Het is niet elke keer nodig om de productregel te gebruiken. Soms kun je bijvoorbeeld gemakkelijk haakjes uitwerken. Bedenk zelf de beste strategie. Soms krijg je daarom een ander antwoord dan hieronder staat.

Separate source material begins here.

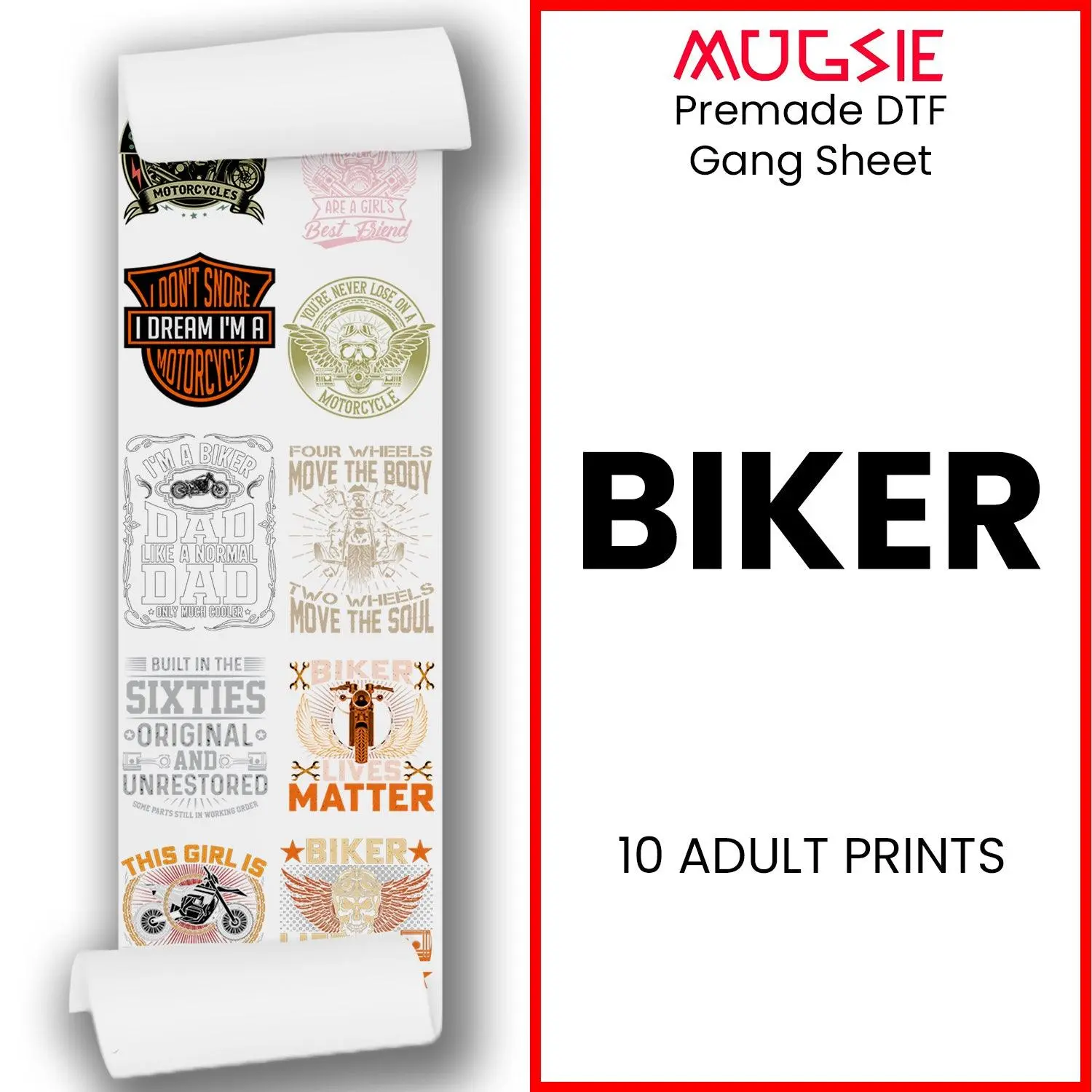 Biker DTF Transfer Gang Sheets - 22x60 Direct-to-Film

Dat kan dan toch wel goed zijn. $f\prime \left(x\right)=20{x}^{4}-20{x}^{3}+48x-30$

b

$g\prime \left(x\right)=\frac{5}{\sqrt{x}}-\frac{3}{2}\sqrt{x}$

c

$R\prime \left(t\right)=3{\left(t+5\right)}^{4}+12t{\left(t+5\right)}^{3}$

d

$y\prime \left(x\right)=\sqrt{5+{x}^{2}}+\frac{{x}^{2}}{\sqrt{5+{x}^{2}}}$

e

$\frac{\text{d}y}{\text{d}x}=1-\frac{x}{\sqrt{5+{x}^{2}}}$

f

$V\prime \left(r\right)=\frac{5}{{r}^{2}}\cdot {\left(20-r\right)}^{2}+\left(100-\frac{5}{r}\right)\cdot -2\left(20-r\right)=\left(\frac{100}{{r}^{2}}-200+\frac{5}{r}\right)\left(20-r\right)$

Exercise 2
a

$\left(0,0\right)$ and $\left(4,0\right)$.

b

Just do it.

c

$f\prime \left(x\right)=0$ geeft $x=4\vee x=0\vee x=\frac{4}{3}$.
using the graph of $f$ or a sign scheme of $f\prime$ you find min. $f\left(0\right)=0$, max. $f\left(\frac{4}{3}\right)=1438\frac{274}{729}$ en min. $f\left(4\right)=0$.

d

Read out from (a sketch of ) the graph: $0.

Exercise 3
a

$f\prime \left(x\right)=6\sqrt{x}\cdot \left(1-{x}^{3}\right)+4x\sqrt{x}\cdot -3{x}^{2}=6\sqrt{\left(x\right)}\left(1-3{x}^{3}\right)=0$ when $x=0\vee {x}^{3}=\frac{1}{3}$.
There are two values of $x$ where the tangent is parallell to the $x$ -axis, namely $x=0$ and $x=\sqrt[3]{\frac{1}{3}}$.

b

This function has a minimum at the edge of the domein: $f\left(0\right)=0$. And there is a maximum $f\left(\sqrt[3]{\frac{1}{3}}\right)\approx 0,23$.

Exercise 4
a

$\left(0,0\right)$ and $\left(±\sqrt{8},0\right)$.

b

$f\prime \left(x\right)=\sqrt{8-{x}^{2}}-\frac{{x}^{2}}{\sqrt{8-{x}^{2}}}=0$ gives $x=±2$.
You find min. $f\left(-2\right)=-4$ and max. $f\left(2\right)=4$. So ${\text{B}}_{f}=\left[-4,4\right]$.

c

$f\text{'}\left(0\right)=\sqrt{8}\approx 2,83$. So: $y=2,83x$.

Exercise 5
a

$f\prime \left(x\right)=0,5x-1,5\sqrt{x}=0$ gives $x=0\vee x=9$.
There is a max. $f\left(0\right)=0$ and a min. $f\left(9\right)=-6,75$ so (look at the graph) ${\text{B}}_{f}=\left[-6,75;\to ⟩$.

b

$f\prime \prime \left(x\right)=0,5-\frac{0,75}{\sqrt{x}}=0$ gives $x=2,25$, so the inflection point is $\left(2,25;4,640625\right)$.

c

$f\prime \left(x\right)=2$ gives $3\sqrt{x}=x-4$ and so $9x={x}^{2}-8x+16$.
This results in $x=16$(because $x=1$ does not satisfy the equation) and the tangent point $\left(16,0\right)$.
This point should be on the line and that is only possible if $p=-32$.

Exercise 6
a

$A\prime \left(x\right)=6+\sqrt{9-{x}^{2}}-\frac{{x}^{2}}{\sqrt{9-{x}^{2}}}=0$ gives $6\sqrt{9-{x}^{2}}=2{x}^{2}-9$ and this implies ${x}^{4}=\frac{243}{4}$.
The maximum floor area is reached for $x\approx 2,79$ m.
The maximum floor area therefore is approximately $19,8$ m2.